An undersecretary of a USDA “Equitable Land Access Service” would be entrusted with purchasing(using taxpayer funds) and redistributing land. The reparation bill appropriates for a massive 20,000 grants annually over ten years, adding up to a total redistribution package of $80 billion.

The under-secretary would be commissioned to “(1) purchase from willing sellers, at a price not greater than fair market value, available agricultural land in the United States; and (2) subject to section 205, convey grants of that land to eligible Black individuals at no cost to the eligible Black individuals.

If the bill redistributes 160 acres per grant, it would ultimately end up transferring 1.6% of the total land in the continental United States for free.

Democrats cite a decline in the numbers of black farmers since the 1920’s as an impetus for the bill, pointing out that there were 1 million black farmers in 1920 and 50,000 today. Such logic ignores that the number of American farmers broadly has declined sharply as the United States transitioned to an industrial economy, and that millions of Black Americans who worked under poor conditions as sharecroppers in the American South have long since moved to northern cities.

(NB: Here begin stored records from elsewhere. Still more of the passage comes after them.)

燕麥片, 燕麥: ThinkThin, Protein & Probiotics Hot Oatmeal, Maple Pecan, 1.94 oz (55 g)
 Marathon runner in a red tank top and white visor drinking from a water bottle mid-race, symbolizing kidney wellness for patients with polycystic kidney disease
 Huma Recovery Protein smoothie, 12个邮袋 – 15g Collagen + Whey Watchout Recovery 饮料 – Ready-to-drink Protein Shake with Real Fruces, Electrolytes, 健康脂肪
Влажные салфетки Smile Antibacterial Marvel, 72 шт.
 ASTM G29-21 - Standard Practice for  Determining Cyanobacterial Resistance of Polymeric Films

The bill is somewhat similar to South African racial land redistribution policies, which differ primarily in that they forcibly nationalized land owned by Afrikaner farmers and redistributed them to South African Blacks. South Africa’s land reforms in the name of “equity” have proven to generally be a failure, with novel farmers unable to utilize the land they’ve been gifted in a manner beneficial to society. South Africa has transitioned from a bountiful agricultural society known as the “bread basket of Africa” to a net food importer, with experts pointing to arbitrary land redistribution as a factor in doing so.